§ Task prompt: The entries are to be printed again word for word, but no picture may appear.

§ Captioned web image data:

* * * * * * * * *

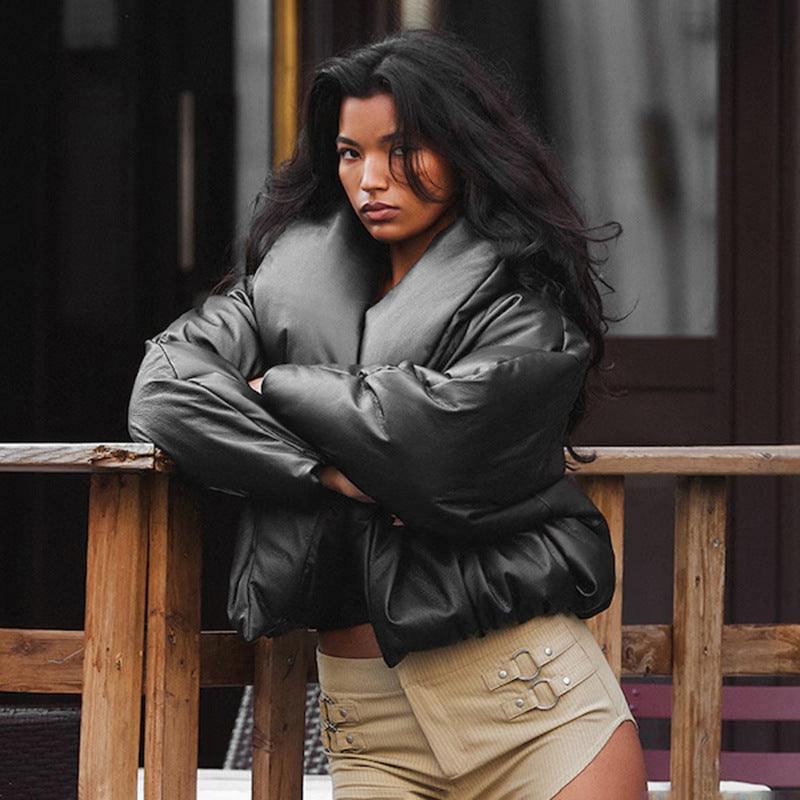 Damen Jacke im Leder-Stil, gefüttert – Bild 3 | LuxeStyle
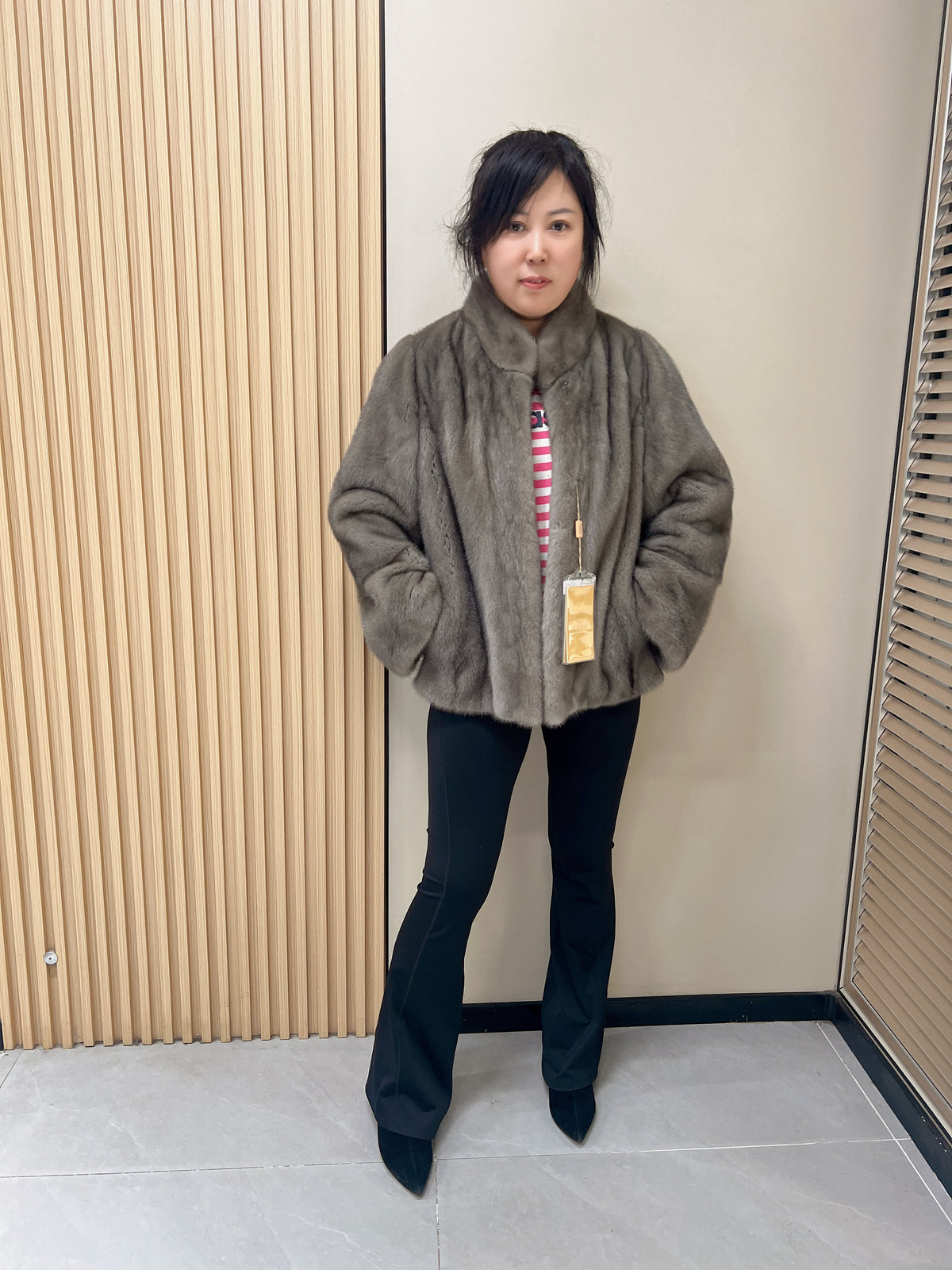 No. 326 Grey Stand-Collar Mink Fur Coat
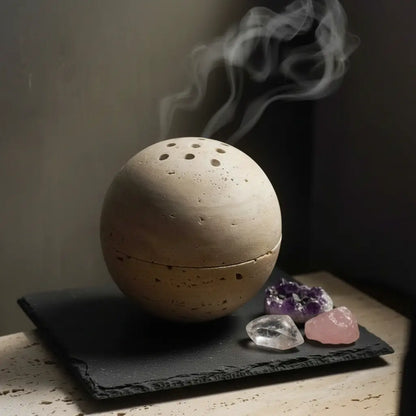 Natural Travertine Sphere Incense Burner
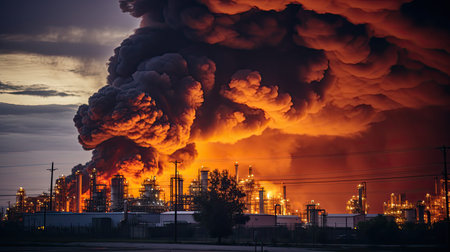 glow oil refinery fireの素材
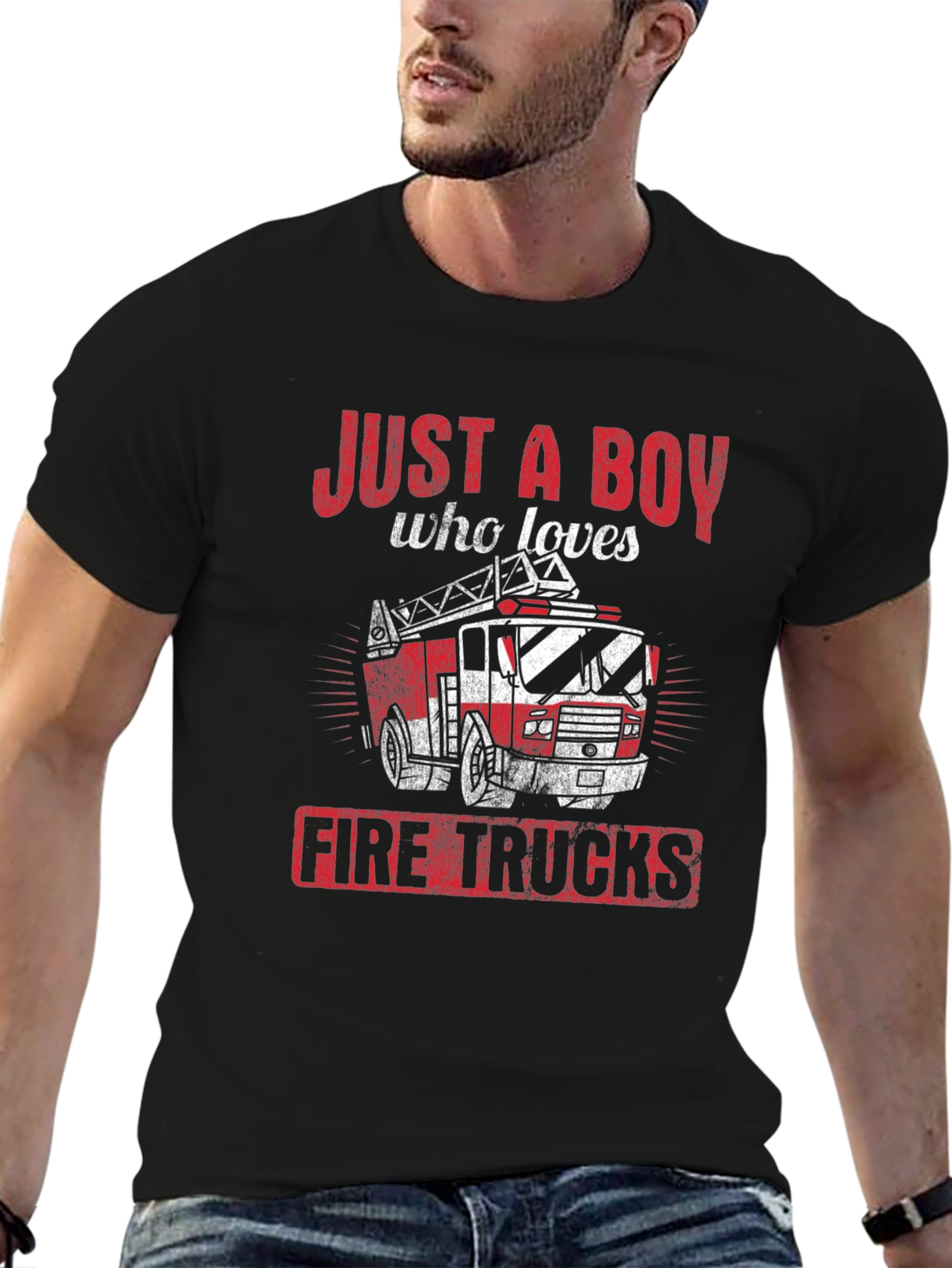 Boy Who Loves Firetrucks T-Shirt
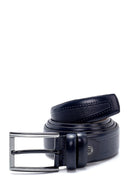 Men's Navy Blue Leather Casual Belt | Derimod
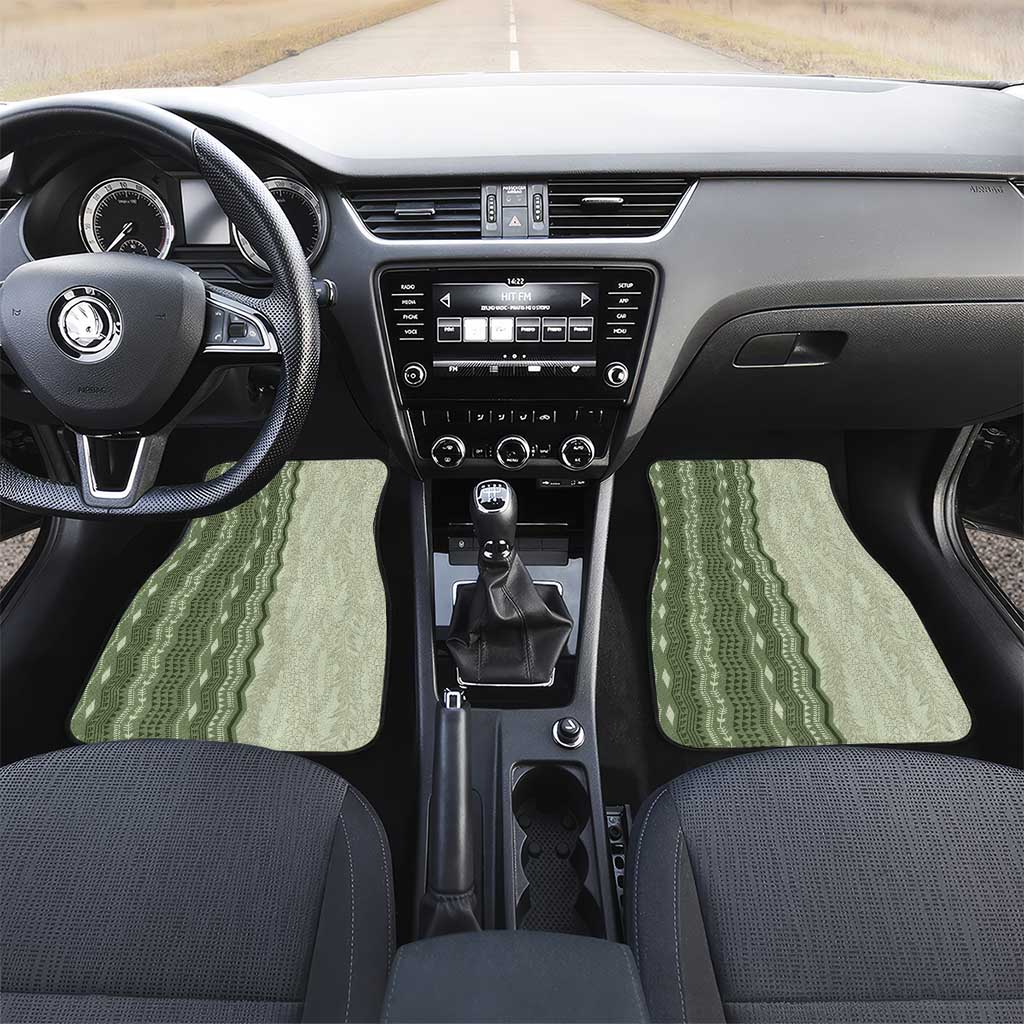 Vintage Sage Green Hawaiian Traditional Kapa Mix Flowers Lei Car Mats LT7 Set 2pcs - Front Sage Green - Polynesian Pride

* * * * * * * * *

§ Final answer:
 Damen Jacke im Leder-Stil, gefüttert – Bild 3 | LuxeStyle
 No. 326 Grey Stand-Collar Mink Fur Coat
 Natural Travertine Sphere Incense Burner
 glow oil refinery fireの素材
 Boy Who Loves Firetrucks T-Shirt
 Men's Navy Blue Leather Casual Belt | Derimod
 Vintage Sage Green Hawaiian Traditional Kapa Mix Flowers Lei Car Mats LT7 Set 2pcs - Front Sage Green - Polynesian Pride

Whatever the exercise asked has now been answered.